Our simple and computationally inexpensive transformation converts any sequential conflation algorithm into its minimal stem variant. For each of the sequential steps of an algorithm in question we define a corresponding relation which is defined on the sets of words.
The transformation converting a conflation algorithm of described properties into one that generates the minimal stem is rather obvious. Once the sequential phases of the original algorithm have been identified, they are applied not once but until all words in a corresponding Algtuple are identical. When an Alg tuple consists of only identical words, no transformation of the given algorithm can further conflate the word and the word assumes its minimal stem form. This process is guaranteed to converge to a condition in which the Algtuple will contain only one copies of one single word because of the assumption that no sequential phase increases the length of the word.
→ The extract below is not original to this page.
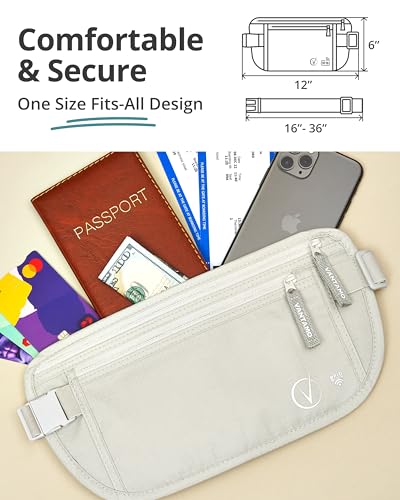 Image of Vantamo Money Belt with RFID For Men & Women, Hidden Passport Holder for Travel, 2 Compartment Travel Fanny Pack for Women Anti Theft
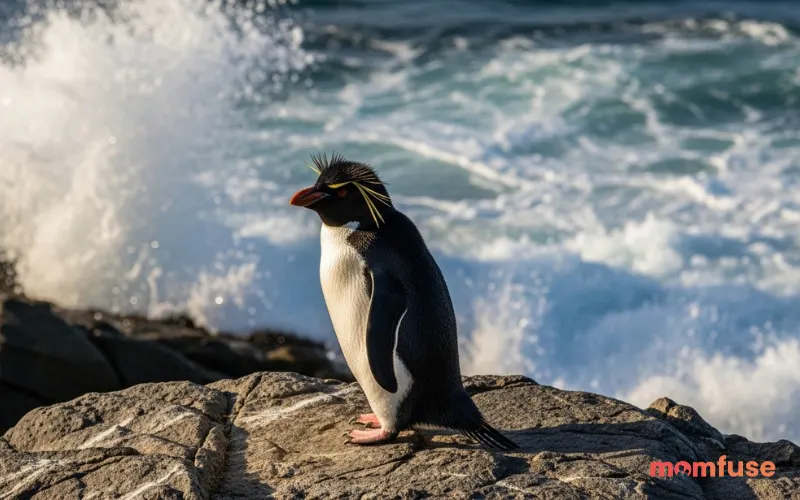 Rockhopper penguin with yellow crest feathers, rugged rocky terrain, ocean waves behind, dramatic lighting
In addition and as a useful computational linguistics tool, we put forward an implementation of SteLemMin fully capable of optimizing and interpreting an arbitrary sequential conflation or lemmatization algorithm. The word form transformation rules are expected to be introduced through a simple text file, external to this implementation. The representation of the rules is expected to use the traditional regular expressions terminology. As such, the algorithm demonstrates NO dependency on a particular natural language and can be tailored to very different morphological systems. We illustrate this feature by providing examples from English and German. For instance, a Porter stemming rule 52 (`52 m>1 .*[ST]ION -1 3 "" 60 53`) defines stripping of the `SION` or `TION` suffix in a word form (i.e. CONSTITUTION or INTRUSION). First label (52) is the ordinal number of this rule. Next, `m>1` means that the word form must have a measure (length) greater than one (see Porter, 1980 for details) in order for the transformation to be applicable. `.*[ST]ION` is a regular expression defining that the word form must end with `TION` or `SION`. `-1` specifies that the transformation is taking place at the end of the word, while the next number `3` specifies that three characters need to be removed from there and replaced by `””`, an empty string. At the end, 60 and 53 are labels of rules which are applied next if this rule has or has not been successfully applied, respectively. Similarly, the rule `87 m>=0 FROZEN$ 3 4 "EEZE" 88 88` of an English lemmatizer specifies that the root infinitive form `FREEZE` is obtained from `FROZEN` by removing `4` characters starting from the position `3` in the word and replacing them by `EEZE`.
A transformation of `GEWUSST` into `WISSEN` in a German lemmatizer, has to be described by two rules. '55 m>1 .*WUSST$ -1 4 “ISSEN” 84 182` rule transforms `GEWUSST` into `GEWISSEN` and `84 m>1 GE.* 1 2 “” 88 190` rule transforms `GEWISSEN` into the root infinitive form `WISSEN`. Clearly, this approach with transformation rules being fed as input into the algorithm emerges as ‘multi-lingual’. As such, it could be tailored to account for very different morphological features (compound words (i.e. German, Dutch), strong inflection (i.e. Finish) or even different accents depending on the form (i.e. Spanish)).